Modern day problems sometimes seem almost insurmountable when I take a look back and compare them to earlier times. In school I was always less than an entusiastic student. Generally I was thinking about what we were going to have for lunch and if my mom was going to let me go to the river instead of starting homework as soon as I came home. My motivation was lacking but there was always encouragement from teachers in some form or fashion.
At St. Joseph Catholic School the nuns who were the teaches wouldn't let me out the door if I hadn't finished my work or if they felt I didn't fully understand the lesson. If a parent was outside waiting to pick up a student who was detained after class they had to come in and get the kid and the teacher's version of why the detention was needed. That meant there would be more to come when arriving back home. Not something one would be looking forward to in most cases.
If I received a rap on the knuckles or had a tug on my ear during class it wasn't something I would go home and complain about. As much as it might have hurt I knew what was waiting at home would be far worse and longer lasting. Zero tolerance was the name of the game at home.

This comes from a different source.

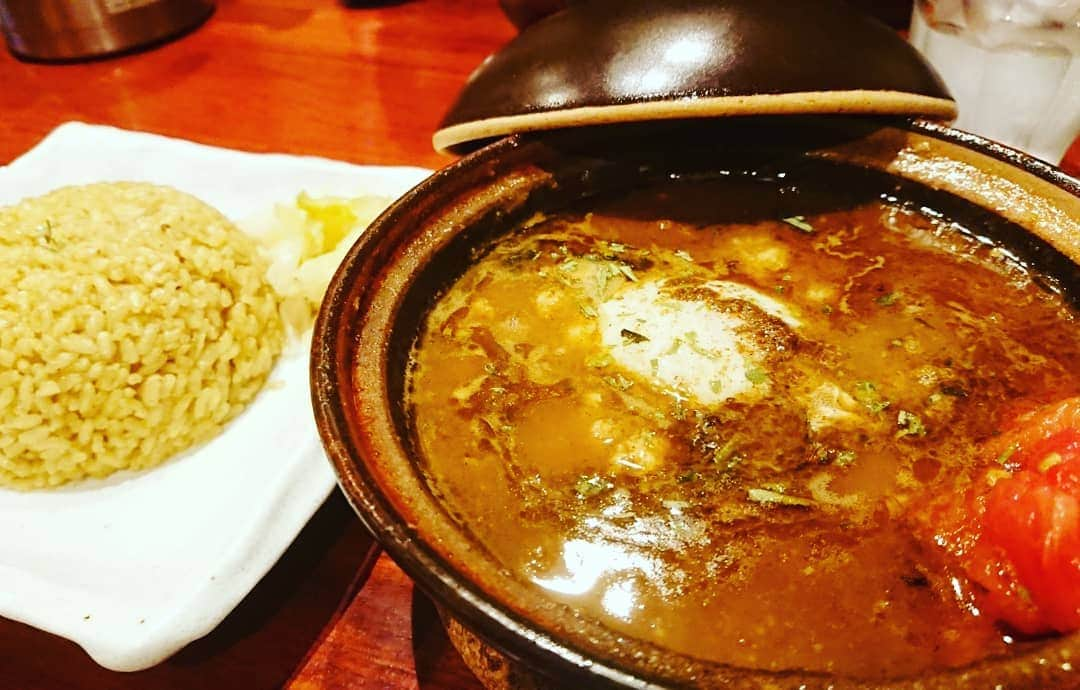 高井俊彦さんのインスタグラム写真 - (高井俊彦Instagram)「【今日のカレー🍛✨】 南船場にある行列の出来る名店『橋本屋』☺️ 目の前でスパイス配合してくれるので薫りたつルー‼️ 土鍋で出てくるので冷めない‼️ 途中でトマト、温泉玉子を崩して食べると風味が変わる‼️‼️ 絶品やがな⤴️⤴️⤴️」6月21日 17時39分 - takai_toshihiko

When it comes to math I have always been pretty good doing numbers in my head. It came in handy throughout my professional life and beyond. It always amused me when a younger person would ask me how I figured something out in my head. I was left thinking how they had not figured out something so simple in their head. It leaves me sad now as I watch young people struggle to do simple math even with the help of their phone calculator. It has been a running joke for some time on social media but I no longer find it to be funny.
Some of us oldtimers spend way too many hours discussing how things have changed over the last couple generations. I often think how it is unfair that we had things like the Bantex Theater and even a drive-in movie along with a free and open river to enjoy. I will have to admit I don't know if things like that would even interest kids today with the cell phone invention. What's the appropriate age to receive your first phone now? Three or four? Don't laugh. All you need to do is just look around.
Through my young Growing Up In Bandera years I never even wanted to talk on a phone. Well, not until later when I became interested in girls. I truly don't know how I could have fit in my busy schedule of fishing, swimming, playing ball and riding the dusty trails on my bike in this paradise called Bandera.